**WHAT YOU ARE ASKED TO DO**
The expected output is an exact copy of the lines from the one containing "Casa moderna 4" to the final line below, minus any pictures.

**LISTED ENTRIES**
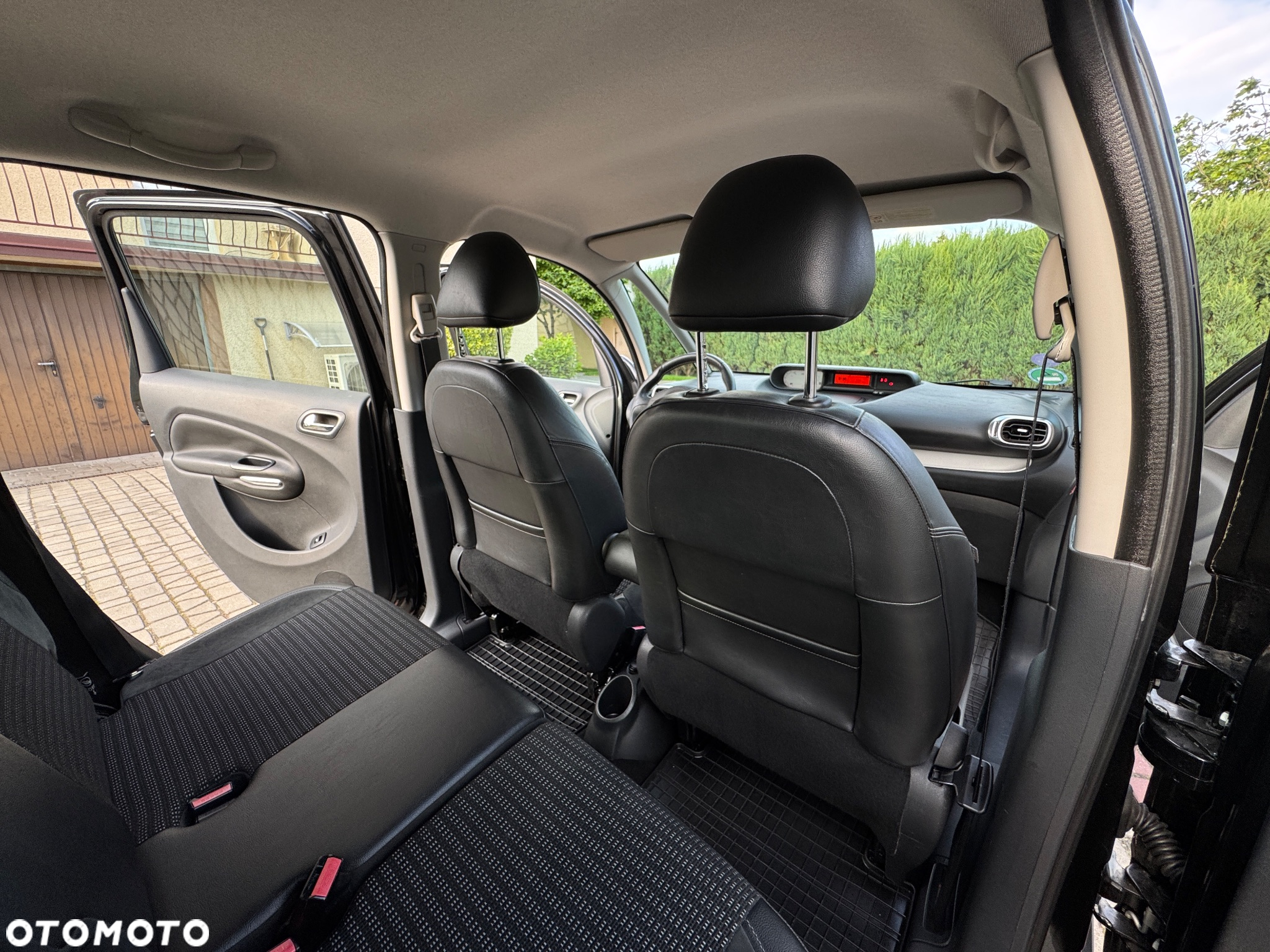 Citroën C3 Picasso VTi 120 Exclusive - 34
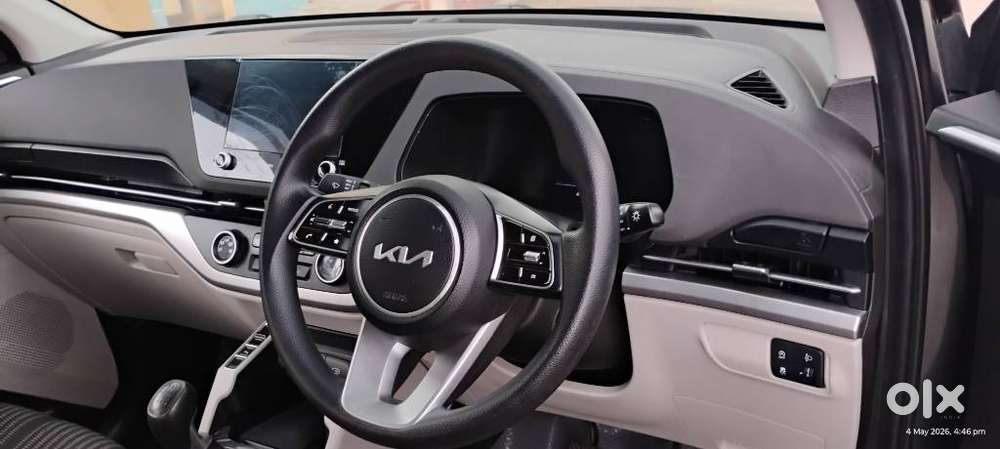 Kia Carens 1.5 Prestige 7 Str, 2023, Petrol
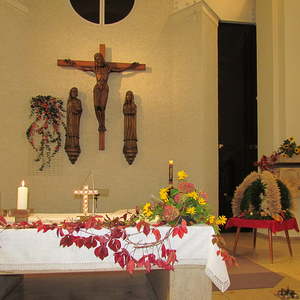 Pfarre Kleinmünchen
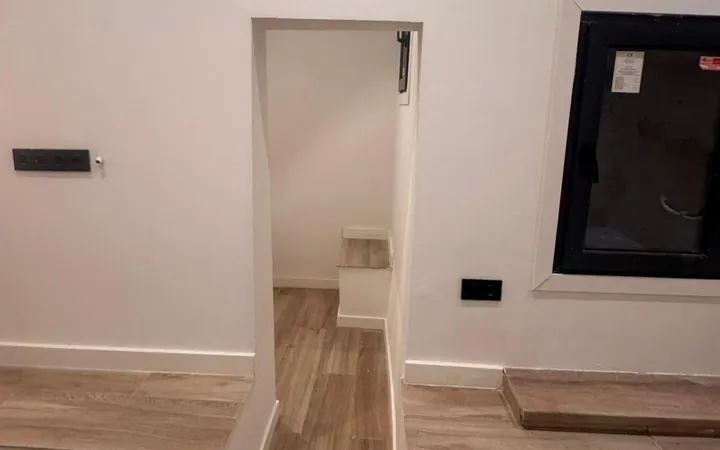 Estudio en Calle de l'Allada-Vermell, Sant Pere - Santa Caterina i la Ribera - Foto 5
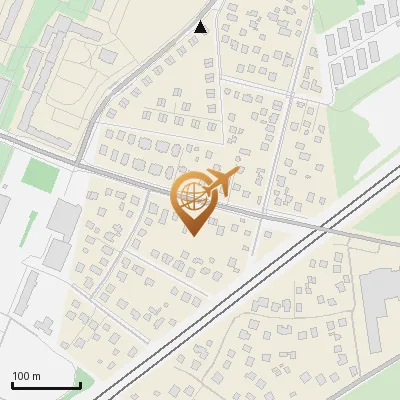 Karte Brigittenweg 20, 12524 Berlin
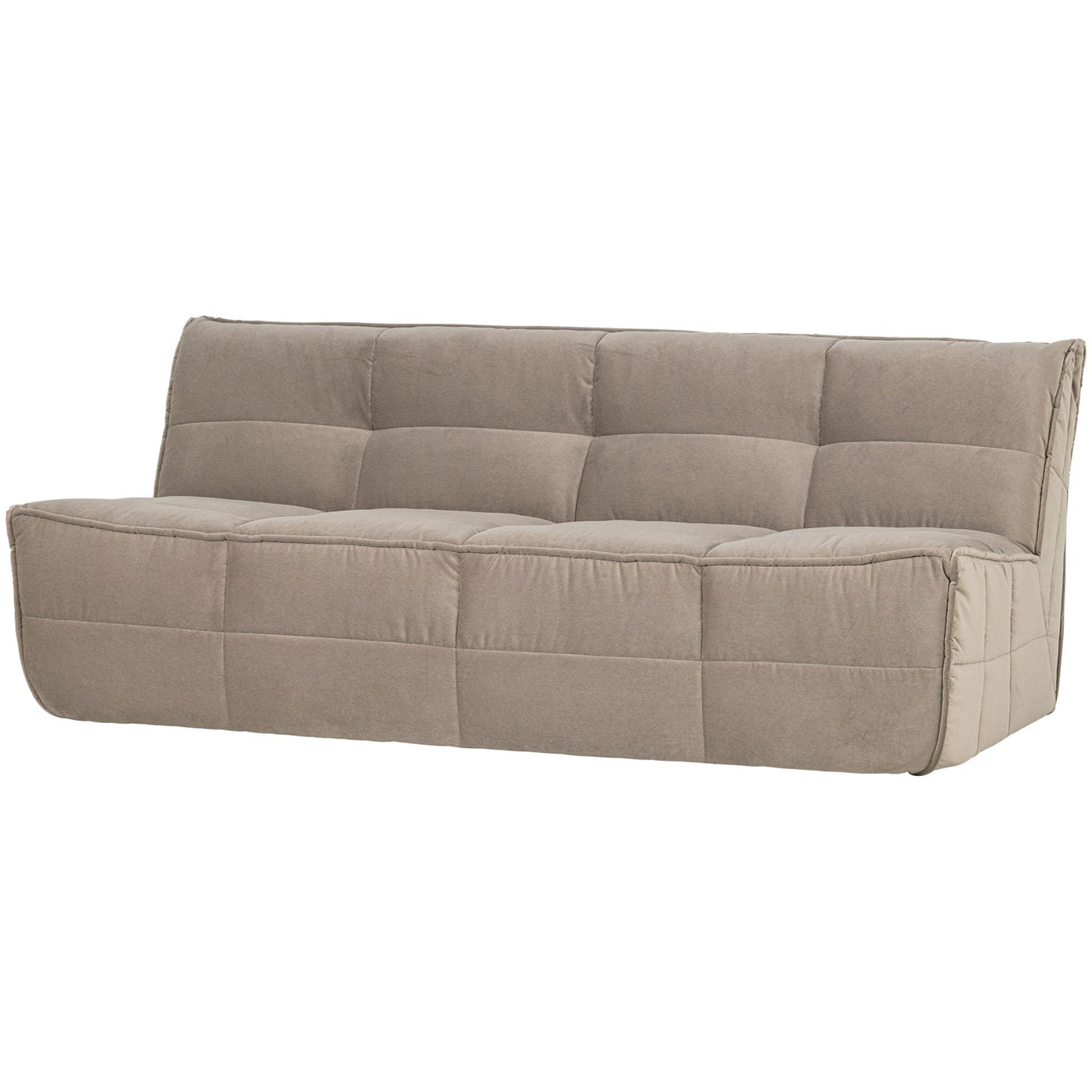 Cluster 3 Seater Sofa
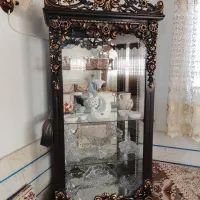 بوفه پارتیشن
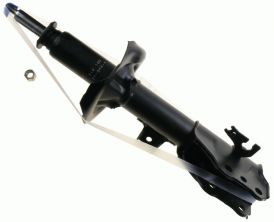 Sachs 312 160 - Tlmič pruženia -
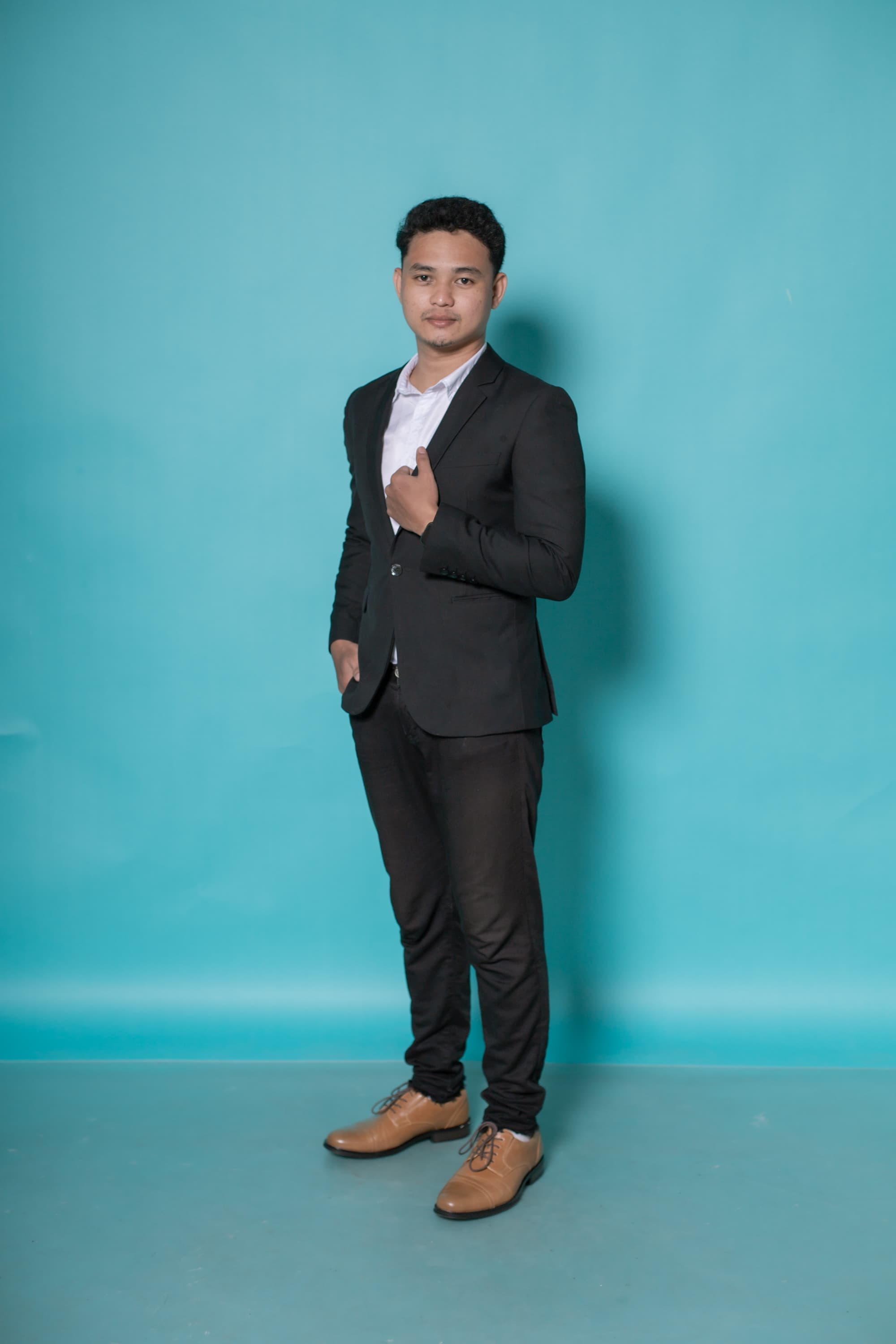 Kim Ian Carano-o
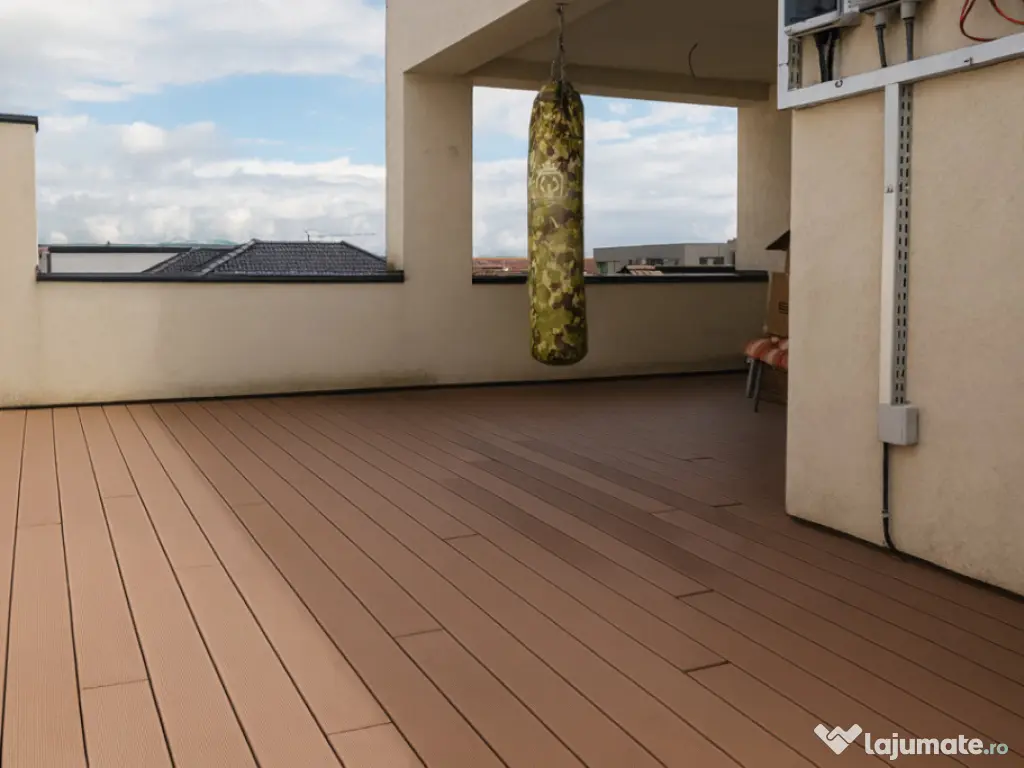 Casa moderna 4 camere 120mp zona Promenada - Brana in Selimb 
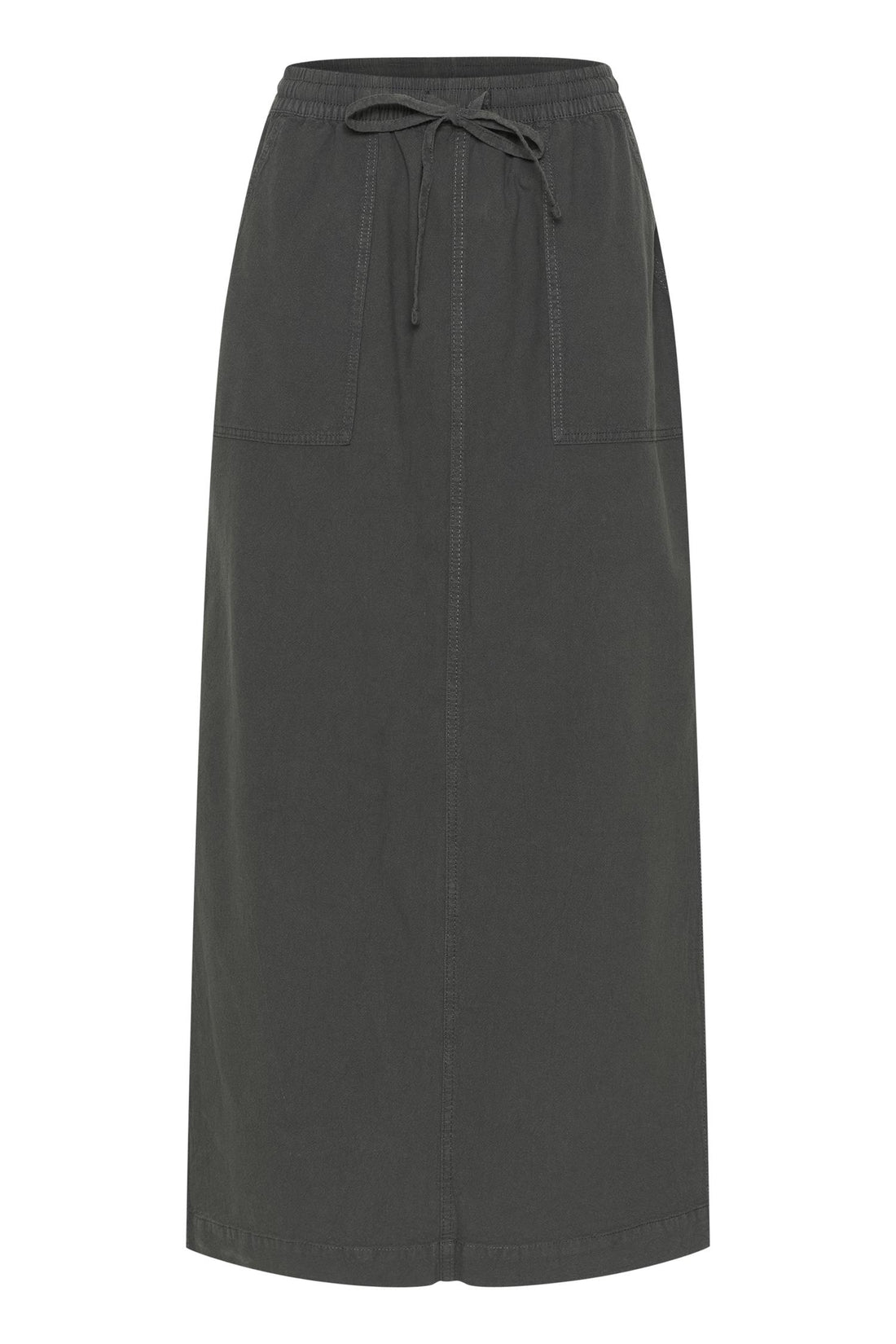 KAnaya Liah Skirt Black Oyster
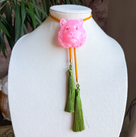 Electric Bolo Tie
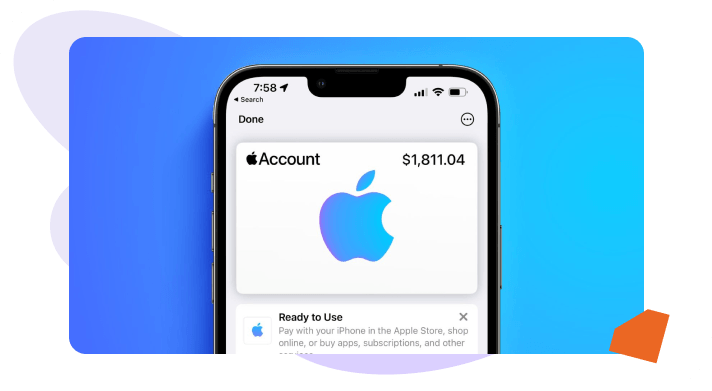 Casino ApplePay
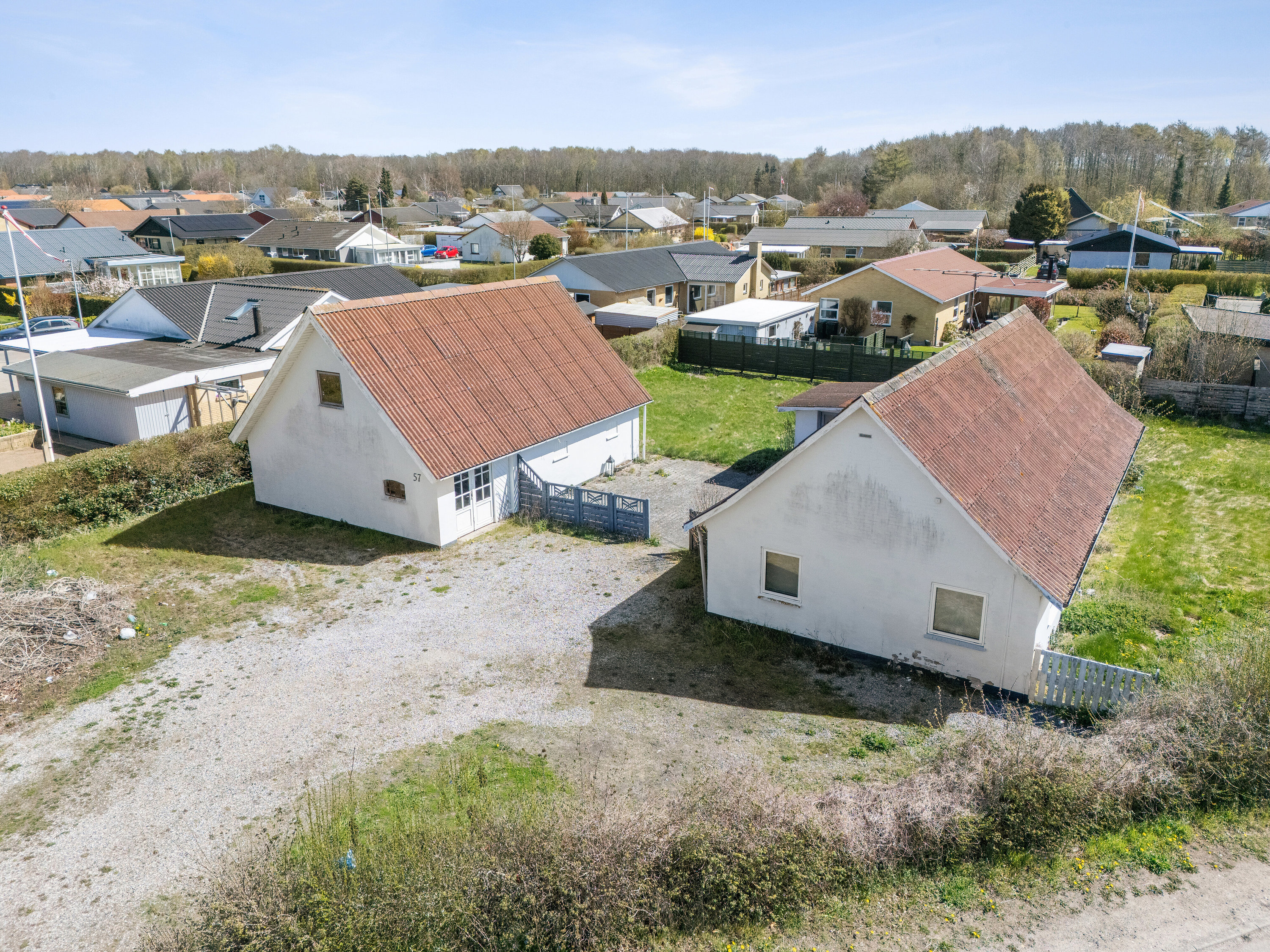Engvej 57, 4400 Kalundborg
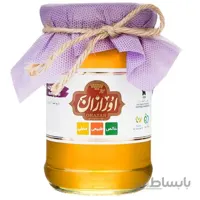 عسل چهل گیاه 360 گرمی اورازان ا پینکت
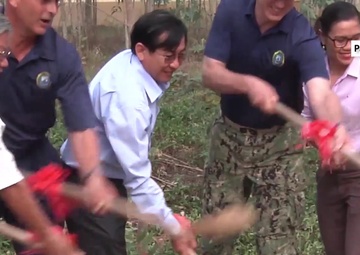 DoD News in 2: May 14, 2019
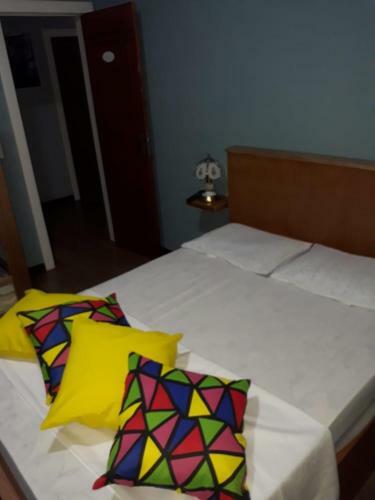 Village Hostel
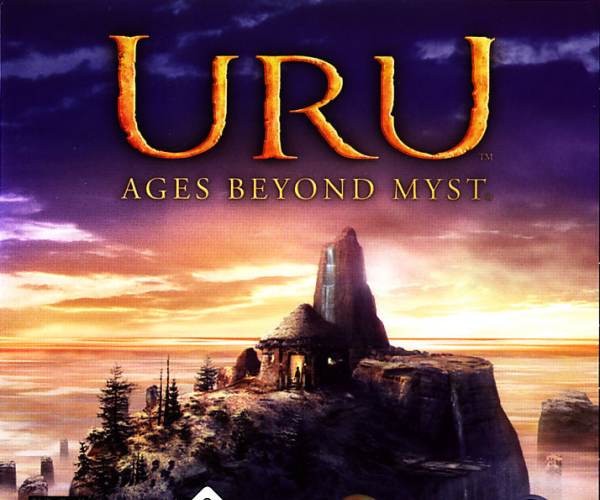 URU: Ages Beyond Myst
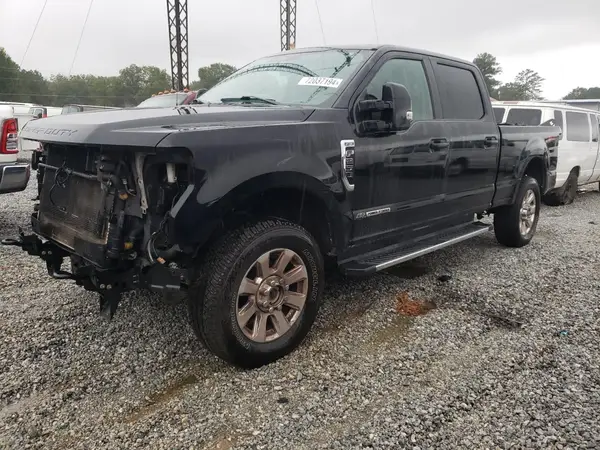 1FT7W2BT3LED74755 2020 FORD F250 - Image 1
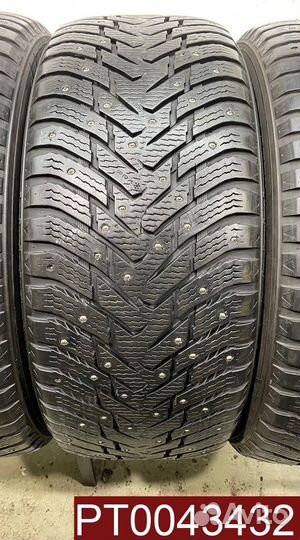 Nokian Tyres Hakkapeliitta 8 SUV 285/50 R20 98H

**SOLUTION FOR THIS PROBLEM**
 Casa moderna 4 camere 120mp zona Promenada - Brana in Selimb 
 KAnaya Liah Skirt Black Oyster
 Electric Bolo Tie
 Casino ApplePay
Engvej 57, 4400 Kalundborg
 عسل چهل گیاه 360 گرمی اورازان ا پینکت
 DoD News in 2: May 14, 2019
 Village Hostel
 URU: Ages Beyond Myst
 1FT7W2BT3LED74755 2020 FORD F250 - Image 1
 Nokian Tyres Hakkapeliitta 8 SUV 285/50 R20 98H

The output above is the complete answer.